Karena kelelahan yang menumpuk itulah, para orang tua memberanikan diri mengirim pesan whatsapp di grup belajar si anak sebagai bentuk “ketidaknyamanan” atas banyaknya tugas yang diberikan kepada anaknya. “Pak, tugasnya kok tambah banyak? Apa ndak kedelep tugas nanti?”
Pesan-pesan serupa seperti itu adalah sebuah kewajaran dan sangat manusiawi dialami manusia. Sebab ketika psikologis kita tertekan, masalah muncul bertubi-tubi, emosi pasti akan meledak bak ranjau di medan perang.
Lalu, apa yang bisa dilakukan oleh anak dan orang tua di rumah? Protes? Ngambek? Demo? Atau pasrah menerima ketentuan yang sudah dibuat pemerintah. Menjalankan Work from home dan learning from home. Keputusan terbaik ada di tangan kita masing-masing.
Kita sendiri yang harus bijaksana dalam menyikapinya. Kita bisa enjoy belajar daring sambil nyemil atau merasa tertekan dan stres sepanjang hari. Pilihan ada di tangan kita. Karena hidup tidak sesulit seperti yang kita bayangkan.
***
Mungkin sudah saatnya pemerintah memikirkan cara yang lebih baik dalam menghadapi makhluk bernama korona ini.
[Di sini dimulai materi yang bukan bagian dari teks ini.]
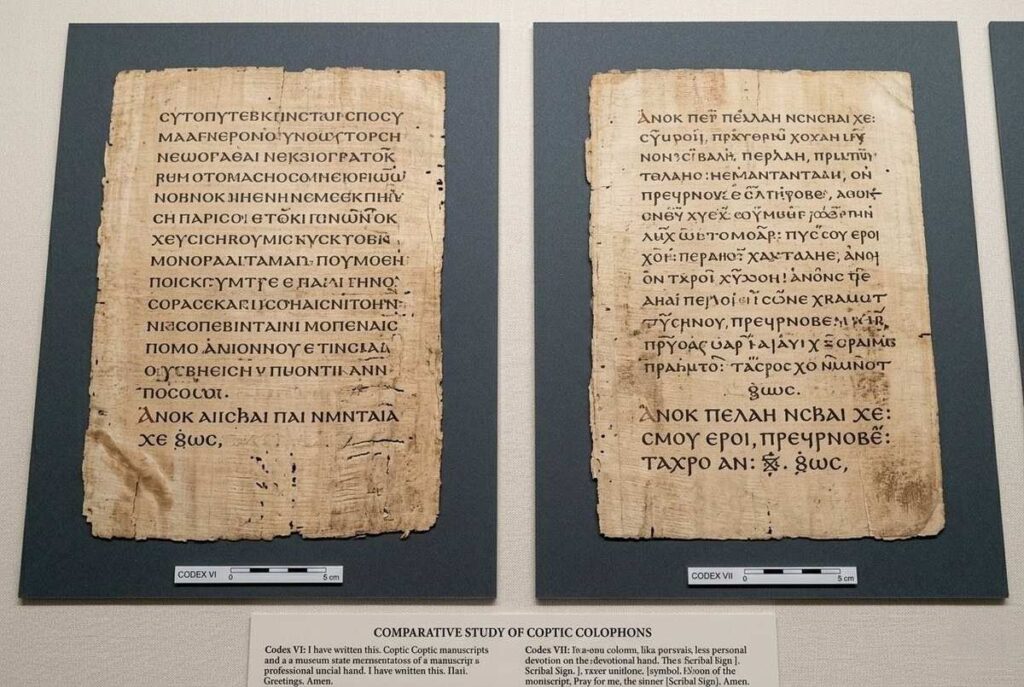 Side by side comparison of Codex VI and Codex VII manuscript endings showing different scribal colophons and handwriting styles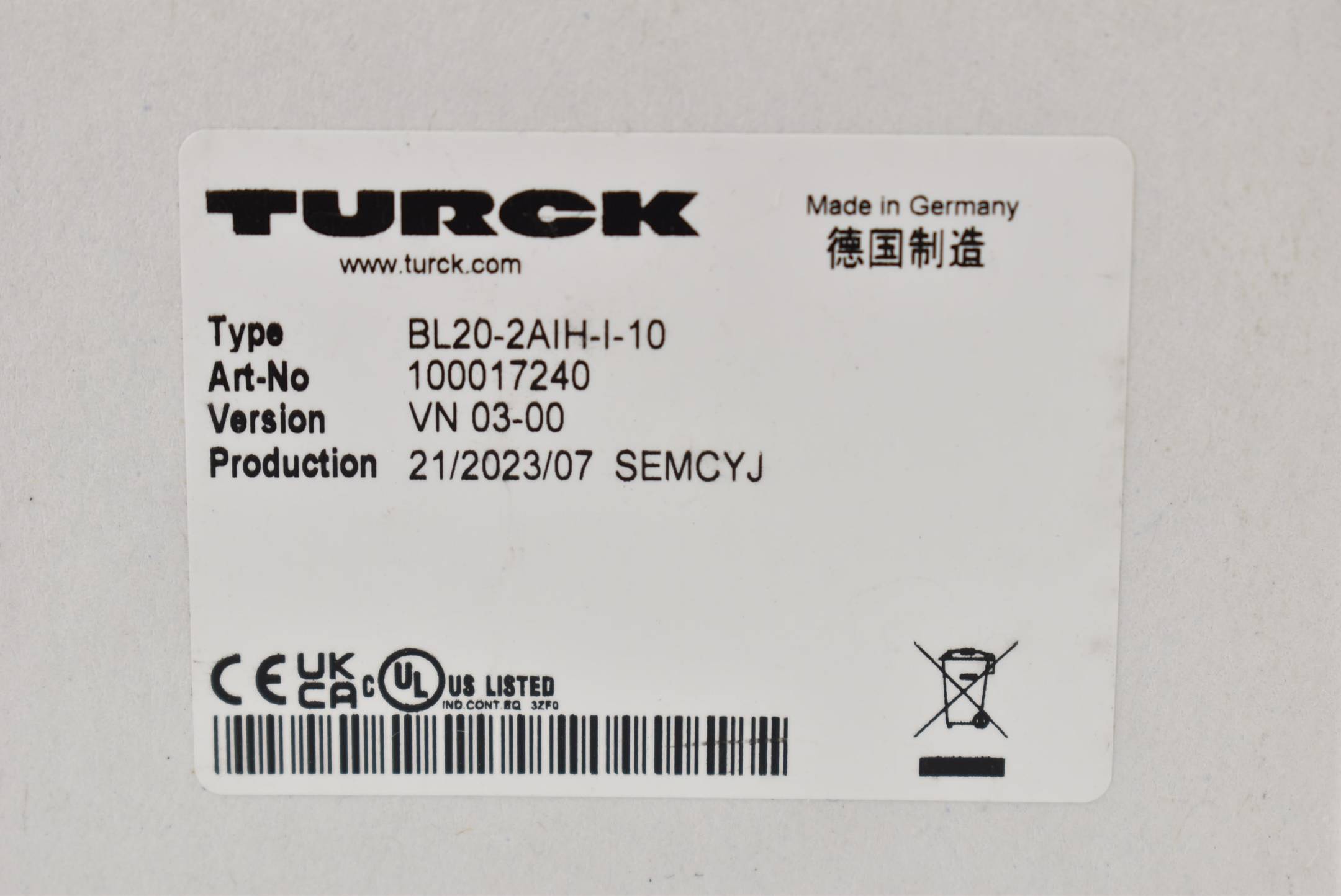 Turck BL20 Elektronikmodul BL20-2AIH-I-10 ( 100017240 )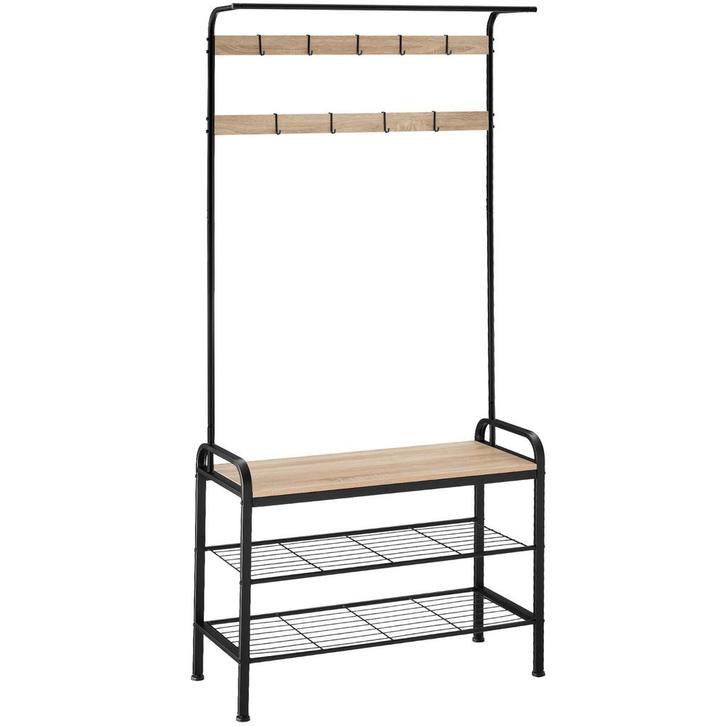tectake Garderobekast - 85,5x36x184cm, Industrieel licht hou, Huis en Inrichting, Kasten | Kleerkasten, Verzenden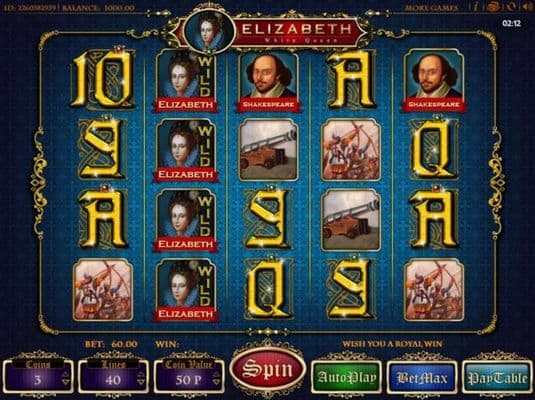 A royal themed main game board featuring five reels and 40 paylines with a $600 max payout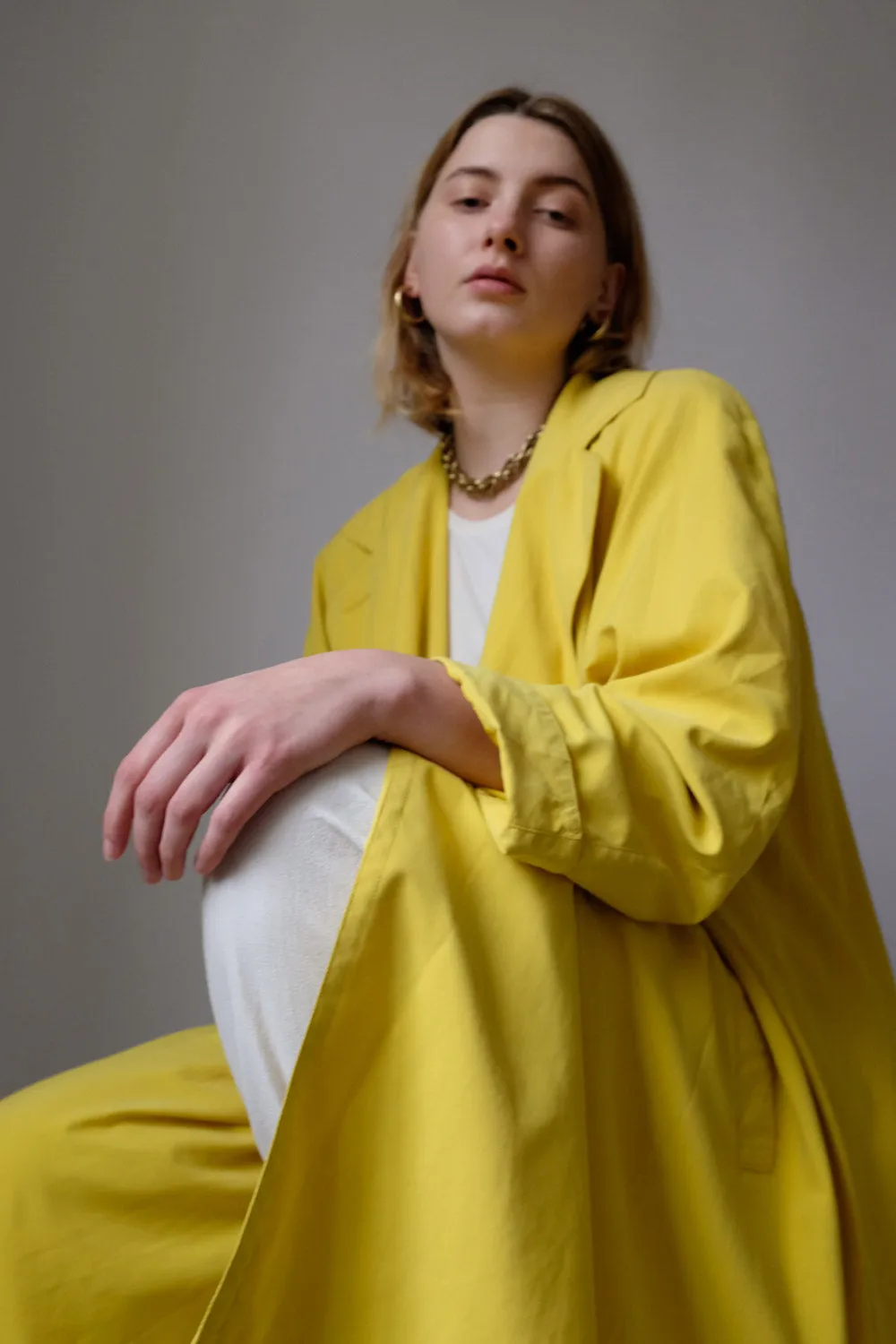 VINTAGE LAUREL SUN YELLOW TRENCH COAT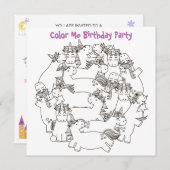 Invitation *~* Unicornes Personnalisable COULEUR MOI Annivers (Devant / Derrière)
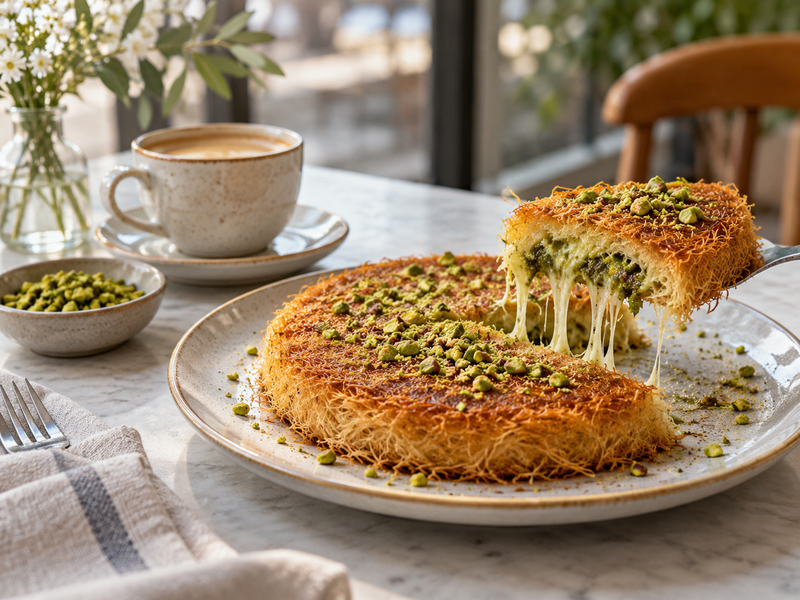 Pastry team weighing accepted matcha kunafa portions beside a production yield sheet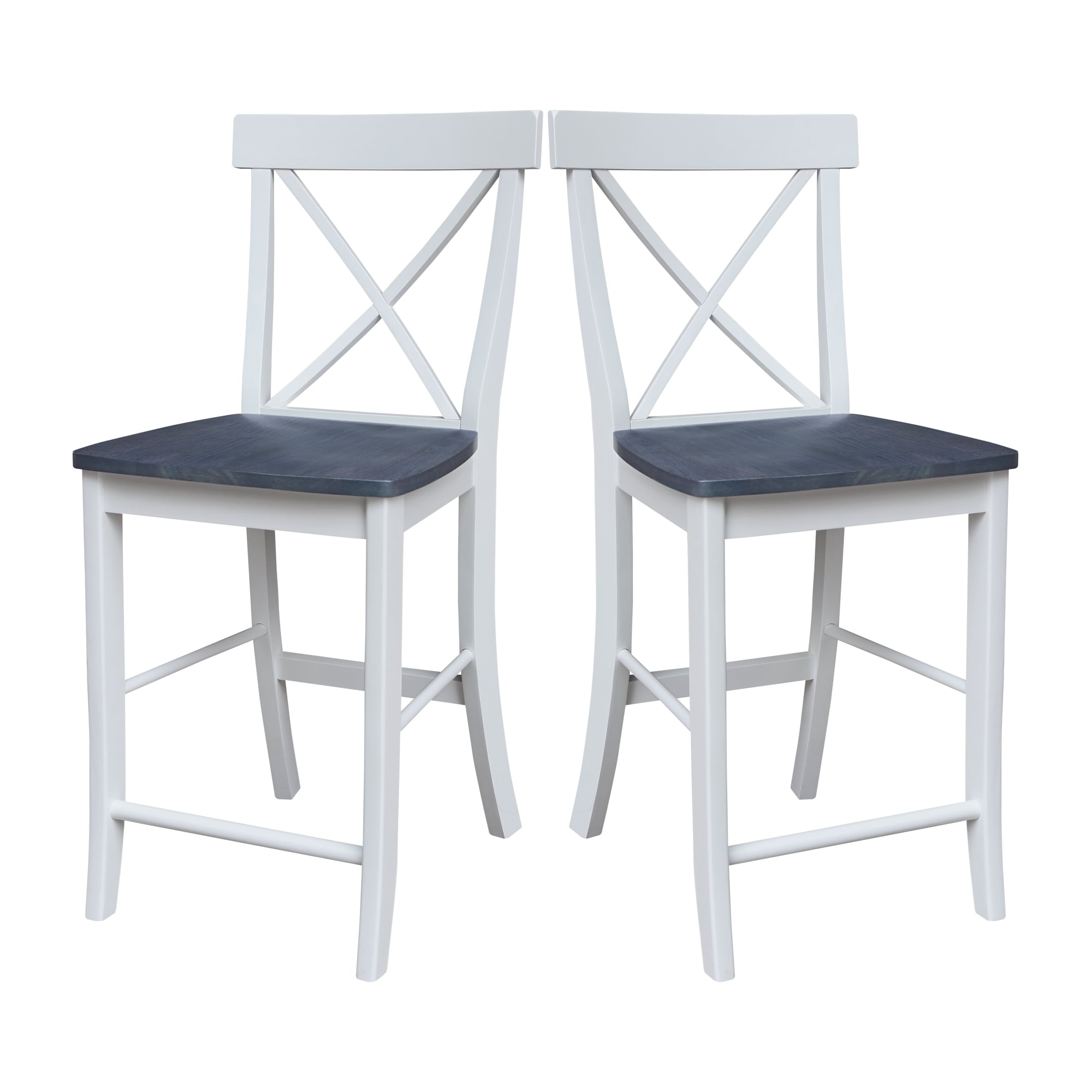 Elegant X-Back Solid Parawood Counter Stool, White and Heather Gray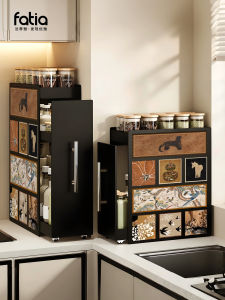 Kitchen Spice Organizer Rack Pull out Narrow Space Multi Layer Storage Cabinet Home Use Carbon Steel Material No Installation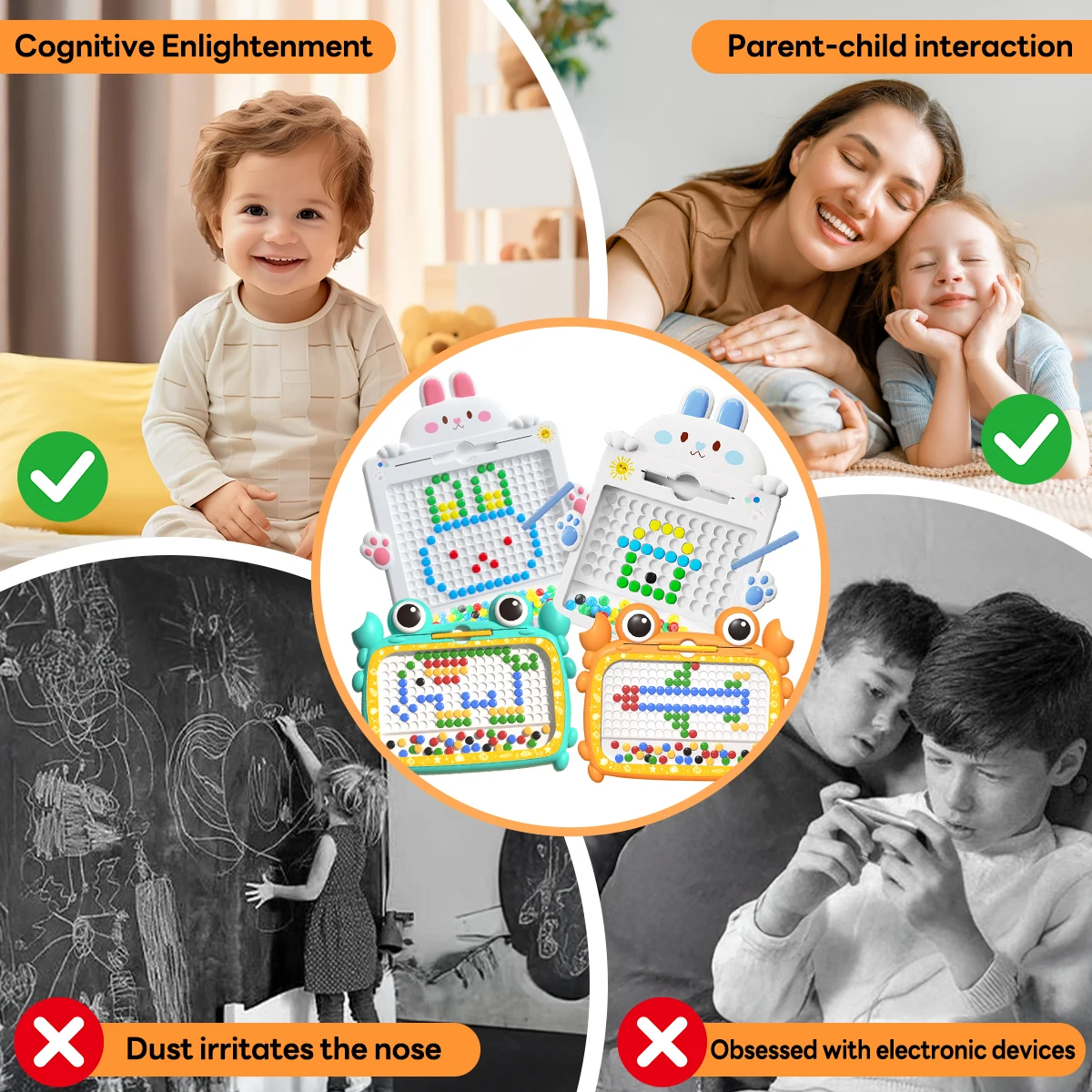 

Магнитная доска для рисования с бусинами для малышей, 20 карточек с узорами, формы кролика и краба, развивающая игрушка Монтессори для детей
Mungkin sudah saatnya pemerintah membagi fokusnya untuk dunia pendidikan. Tidak hanya berfokus pada pencegahan penyebaran korona saja.
Entah itu membentuk tim yang berfokus untuk memikirkan teknologi yang mempermudah belajar siswa atau tim yang berfokus untuk memikirkan biaya akses internet gratis untuk siswa belajar di rumah. Bukan sekedar gratis tapi akses lemot dan kuota dibatasi. Tapi gratisnya harus benar-benar berkualitas. Masuk gak? Hehehe…
Apapun masalah yang sedang kita hadapi sekarang, mau korona atau gak, yakinlah bahwa semua ini akan indah pada waktunya. Badai pasti berlalu. Dan ketika badai itu berlalu, akan muncul sebuah pelangi yang indah. Kita berharap saja yang terbaik.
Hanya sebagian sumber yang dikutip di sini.